E chi parte sceglie il caldo: Egitto e Maldive

Le agenzie di viaggi: «Settore in ripresa e i pescaresi vogliono andare in spiaggia. Bene anche le spa»
PESCARA. Boom di prenotazioni per le vacanze di Pasqua: dopo la pandemia, il turismo riparte. Estero e vacanze a lungo raggio per chi ha la possibilità di prolungare le ferie di qualche giorno; città d’arte in Italia, agriturismi e centri benessere per chi vuole un po’ di respiro senza allontanarsi troppo nel weekend lungo di Pasqua. La certezza è che pescaresi preferiscono il caldo, così dicono i titolari delle agenzie viaggi: le mete più gettonate sono Egitto, Maldive, Caraibi e Sicilia; a seguire Stati Uniti, capitali europee e città d’arte italiane. È un’inversione di tendenza rispetto al report di Federalberghi che vede un numero crescente di italiani preferire come destinazione per il fine settimana festivo di Pasqua proprio il Bel Paese. A confermarlo è Emanuela Placido di Scudieri viaggi: «È raro che nel 2023 ci si rivolga alle agenzie per i viaggi in Italia perché, per quel che riguarda le prenotazioni, è tutto molto intuitivo», spiega, «chi si rivolge a noi, oggi, lo fa per viaggi un po’ più strutturati: quest’anno super richiesti l’Egitto, il Giappone e Capoverde».
DA PESCARA ALL’ESTERO Lucia Venti di Ventur Viaggi conferma una propensione della clientela verso l’estero: «Per i giorni di Pasqua c’è stato un boom di richieste per la Giordania e le crociere sul Nilo, in tanti si sono interessati e hanno scelto le città imperiali in Marocco. È andato molto anche il viaggio negli Stati Uniti: New York, California e Nevada. Per quel che riguarda l’Italia», aggiunge, «ci sono arrivate tante richieste per la Sicilia, meno per Toscana e Umbria rispetto agli altri anni».

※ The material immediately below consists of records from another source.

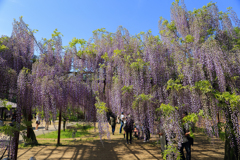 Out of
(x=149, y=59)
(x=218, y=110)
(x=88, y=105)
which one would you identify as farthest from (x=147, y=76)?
(x=88, y=105)

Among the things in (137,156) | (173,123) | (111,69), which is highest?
(111,69)

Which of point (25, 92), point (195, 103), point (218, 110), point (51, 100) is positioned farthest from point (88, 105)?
point (218, 110)

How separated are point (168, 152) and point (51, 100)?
447cm

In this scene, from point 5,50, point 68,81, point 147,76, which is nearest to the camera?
point 147,76

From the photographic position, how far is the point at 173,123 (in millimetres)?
4527

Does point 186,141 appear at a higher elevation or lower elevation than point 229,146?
higher

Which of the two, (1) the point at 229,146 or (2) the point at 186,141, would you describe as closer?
(2) the point at 186,141

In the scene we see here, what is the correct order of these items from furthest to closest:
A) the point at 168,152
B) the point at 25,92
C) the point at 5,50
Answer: the point at 5,50 → the point at 25,92 → the point at 168,152

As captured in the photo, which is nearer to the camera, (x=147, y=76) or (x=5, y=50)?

VOLI DALL’AEROPORTO Chi viaggia, quindi, si sposta prevalentemente in nave o in aereo, anche partendo proprio dall’aeroporto d’Abruzzo: «I collegamenti dell’aeroporto di Pescara stanno portando sempre più turisti a puntare verso destinazioni come Londra, Malta, Praga e la Sicilia», spiega Feliciano Marcantonio di Eurotur, «la scelta preponderante dei pescaresi, però, è al caldo: si riconferma, con il solito esodo biblico, l’Egitto». Tendenza assecondata anche da Quinto Ippoliti, referente regionale di Assoviaggi: «Le mete più gettonate sono all’estero, soprattutto Sharm El Sheikh e le Maldive. Quest’anno c’è stata maggiore richiesta per necessità: abbiamo bisogno di viaggiare e riprendere una vita normale». Anche per Giorgio Cagidemetrio, titolare dell’agenzia Cagidemetrio & nipoti, la clientela è orientata verso vacanze a lungo raggio: «Molti clienti hanno prenotato per la zona dell’oceano Indiano e i Caraibi, altri hanno optato per le crociere», afferma. Poi, sul fine settimana, dice: «Abbiamo ricevuto per lo più richieste per un periodo di tempo che va da una settimana a 10 giorni, i pochi che hanno prenotato per il weekend hanno preferito le spa in zona senza allontanarsi troppo».
CHI ARRIVA «Per quel che riguarda l’incoming in Abruzzo, ci sono arrivate alcune richieste dal nord Italia ma tutti dobbiamo fare di più per la nostra meravigliosa regione, purtroppo manca l’organizzazione», afferma speranzoso Ippoliti. Sulla stessa questione si esprime anche Marcantonio: «Questo è il primo anno totalmente fuori dalla pandemia e anche l’Abruzzo dovrebbe iniziare a capire che occorre investire per il futuro del settore del turismo che, soprattutto dopo gli ultimi anni di restrizioni, oggi è in continua espansione».